> **RECORDS PROVIDED**
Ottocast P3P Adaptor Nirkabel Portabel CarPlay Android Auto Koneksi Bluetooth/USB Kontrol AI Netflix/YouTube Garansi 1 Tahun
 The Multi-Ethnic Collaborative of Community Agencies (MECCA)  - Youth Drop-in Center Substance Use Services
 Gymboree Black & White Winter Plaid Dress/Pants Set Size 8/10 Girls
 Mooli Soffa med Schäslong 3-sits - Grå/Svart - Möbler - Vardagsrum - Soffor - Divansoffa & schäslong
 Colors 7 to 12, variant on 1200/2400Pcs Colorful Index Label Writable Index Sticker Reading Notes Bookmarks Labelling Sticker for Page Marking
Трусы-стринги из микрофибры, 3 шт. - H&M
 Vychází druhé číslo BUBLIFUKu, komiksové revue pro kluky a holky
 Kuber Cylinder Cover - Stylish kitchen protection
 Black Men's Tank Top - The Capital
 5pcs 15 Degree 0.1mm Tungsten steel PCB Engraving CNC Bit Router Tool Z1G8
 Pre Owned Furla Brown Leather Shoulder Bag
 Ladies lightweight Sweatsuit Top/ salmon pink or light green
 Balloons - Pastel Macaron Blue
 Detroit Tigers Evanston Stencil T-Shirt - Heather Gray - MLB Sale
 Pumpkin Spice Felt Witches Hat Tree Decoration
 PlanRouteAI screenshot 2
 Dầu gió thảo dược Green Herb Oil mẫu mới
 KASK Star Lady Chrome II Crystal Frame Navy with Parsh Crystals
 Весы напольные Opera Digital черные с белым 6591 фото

> **REQUIREMENT**
Go through the listing above and locate each line that holds the word "Black". Copy those lines.

> **SOLUTION TO THIS TASK**
 Gymboree Black & White Winter Plaid Dress/Pants Set Size 8/10 Girls
 Black Men's Tank Top - The Capital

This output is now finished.